In those vee entry boats rated for 140 h.p. and having top speeds in excess of 50 m.p.h., with which the invention is particularly concerned, the choice of hull configuration has conventionally involved various trade offs among the more desirable criteria which include safety and fuel economy on the one hand and high speed performance on the other. The significance of these trade offs is particularly evidenced, by conventional planing hulls, in the individual and collective control of porpoising and stern slippage in high speed turns and in porpoising when running "full out" on plane. In both situations it is necessary to come substantially off speed to achieve the increased wetted area necessary for stern tracking stability and/or to control porpoising. This, of course, produces a significant increase in drag with a concomitant decrease in fuel efficiency both in instituting the stabilizing maneuver and subsequently bringing the boat back to speed. It is the purpose of the invention to resolve these conventional trade offs as related to porpoising and high speed course corrections.
High speed turns are one of the more dangerous boating maneuvers and are particularly unforgiving of the novice boater who has not mastered the "feel" for coordinating trim and throttle adjustments at the inception, and during execution, of the turn. Indeed, it is the rare expert who, even when throttling back from top speed and entering a proper trim adjustment, has not felt unanticipated stern slippage or "chine walk" and porpoising associated with such maneuvers that are wont to capsize the boat.
The prudent boater thus comes substantially off speed to execute a sharp turn. The decrease in speed results in a greater wetted area of the hull, puts more chines in the water and reduces the magnitude, or arc, of the lay over angle which the outer running surface of the hull on the inside of a turn makes with the water surface. The consequence of the latter is that with a lesser arc of downward movement in a given time frame the laying over of the outer running surface into wetting contact does not produce the violent slapping and bouncing from the surface that initiates repeated slapping impacts contributing to the stern slippage that is characteristic of a high speed turn under full throttle where the arc of descent is substantially greater from the full on plane position. Additionally, the greater wetted area in an off speed turn places more of the after running surface wedges in hard water producing a bow down attitude to reduce porpoising in a turn.

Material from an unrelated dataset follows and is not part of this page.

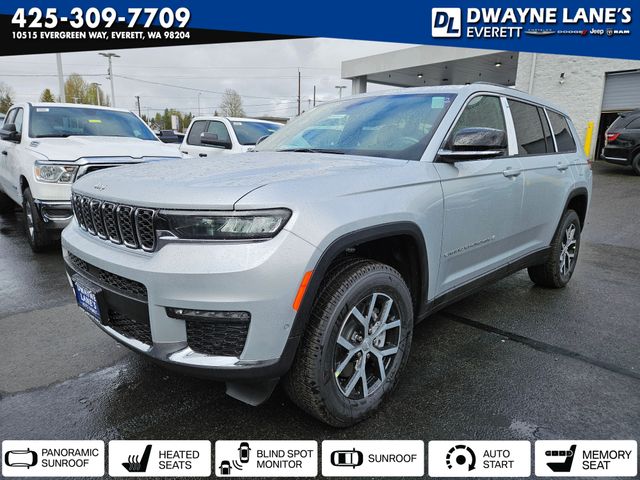 2024 Jeep Grand Cherokee L Limited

The foregoing is the typical performance of conventional vee hulls having the usual planar running surfaces, separated by chines, on either side of the keel line running surface which lateral, planar running surfaces and the central keel line running surfaces, when viewed in transverse section adjacent the aft end of the boat, exhibit a typical V shape terminating, laterally, at outer chines continuous with the sides of the boat.
As related to the present invention, it is important to note that prior art hulls of the type herein contemplated have either been devoid of after wedges or the same have been confined to running surfaces inboard of the outermost running surfaces.
A primary purpose of the after wedges is to reduce porpoising and where the transom is notched or "stepped" as in the present boat the presence of after wedges at the aft end of those running surfaces immediately straddling the stepped portion of the transom are particularly important in the control of high speed porpoising since that is the only portion of the extreme aft end of the boat that is in "hard water". Stated differently, where the after end of the keel line and its associated running surfaces terminate short of the stern (in a transverse "step") the only remaining hull area in hard water, on plane, where a bow down torque can be maximally exerted is at the aft end of the running surfaces immediately straddling the "step". The disclosure in applicant's U.S. Pat. No. 4,233,920 is exemplary.
A necessary trade off for this porpoising control is some increase in drag because of the laminar exit flow disruption from the running surfaces as a function of the downward (stern lifting) flow component imparted by the wedges. Conventionally, this drag factor is substantially uniform across the width of the running surface whose exit ends terminate in wedges since the wedges extend straight across, or perpendicular to, the running surfaces from chine to chine. The laminar flow disruptions created thereby also tend to produce cavitation at high speeds.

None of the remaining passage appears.